Menurutnya, perilaku harian beliau itu sama seperti tindakan-tindakan Nabi Shallallahu ‘Alaihi wa Sallam yang dilakukan dengan tujuan ibadah. Ini dijelaskan pada halaman 17. Padahal, sebagaimana kita ketahui bersama bahwa mencampuradukkan antara kebiasaan dengan tasyri’ (ibadah) adalah sebuah kesalahan besar dan termasuk cara penetapan kaidah yang keliru.
Ini telah dijelaskan dalam kitab-kitab Ushul Fikih. Sebagai akibat dari penggunaan metode penetapan kaidah yang keliru dan diaplikasikan dalam kitab, penulis telah melakukan banyak kesalahan ilmiah dan menetapkan hukum fikih secara syadz (aneh, menyimpang dari pendapat kebanyakan ulama).
Dia bahkan menghukumi sunah segala perbuatan yang telah dibidahkan oleh para peneliti, yaitu perbuatan yang oleh pelakunya dianggap kesunahan (padahal bukan). Di antara hal-hal yang dianggap sunah oleh penulis padahal sebenarnya tidak adalah:
(a) Sunah berbaring setelah mengerjakan salat Subuh dua rakaat (hlm. 51). (b) Sunah tidak berbicara setelah salat Subuh hingga matahari terbit (hlm. 66). Padahal telah diriwayatkan secara sahih bahwa Rasulullah Shallallahu ‘Alaihi wa Sallam pernah berbicara dengan istri beliau, Ummul Mukminin, Aisyah radhiyallahu ‘anha, setelah salat Subuh. Ini telah dijelaskan dalam dalam Shahih Bukhari dan kitab-kitab hadis yang lain.
c) Sunah merapatkan kedua kaki saat sujud (hlm. 86).

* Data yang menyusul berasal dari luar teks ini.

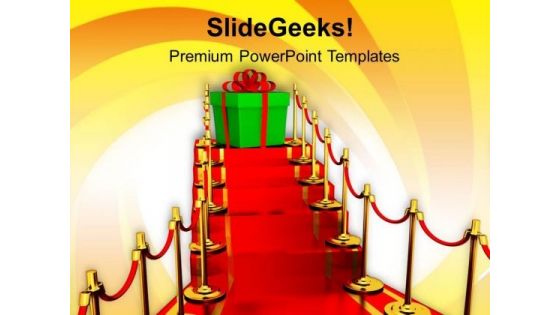 Gift On Top Of The Stairs PowerPoint Templates Ppt Backgrounds For Slides 0713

Padahal yang disunahkan adalah merenggangkan keduanya secukupnya. (d) Sunah membatasi jumlah tangga mimbar dengan tiga tangga saja (hlm. 131)
(e) Sunah melepas kancing (hlm. 212). (f) Sunah memakai tutup kepala yang diikat erat (hlm. 222). (g) Dia berpendapat bahwa berbuka puasa setelah mendengar suara meriam adalah bidah (hlm. 135).
Masih banyak contoh-contoh lain tentang tindakan-tindakan yang dianggapnya sebagai perbuatan sunah, padahal sebenarnya tidak. Dia juga telah membuat banyak orang bingung dengan pendapat-pendapat semacam itu.
Oleh karena itu, Komite Tetap Riset Ilmiah dan Fatwa melarang menjual dan menyebarkan kitab ini. Komite juga menyarankan kepada penulisnya agar belajar ilmu syariat kepada para ulama yang sudah mendapat legitimasi, baik dari sisi keilmuan, keutamaan, akidah, dan pemahaman. Wallahu al-Muwaffiq.
Wa Shallallahu `ala Nabiyyina Muhammad wa Alihi wa Shahbihi wa Sallam.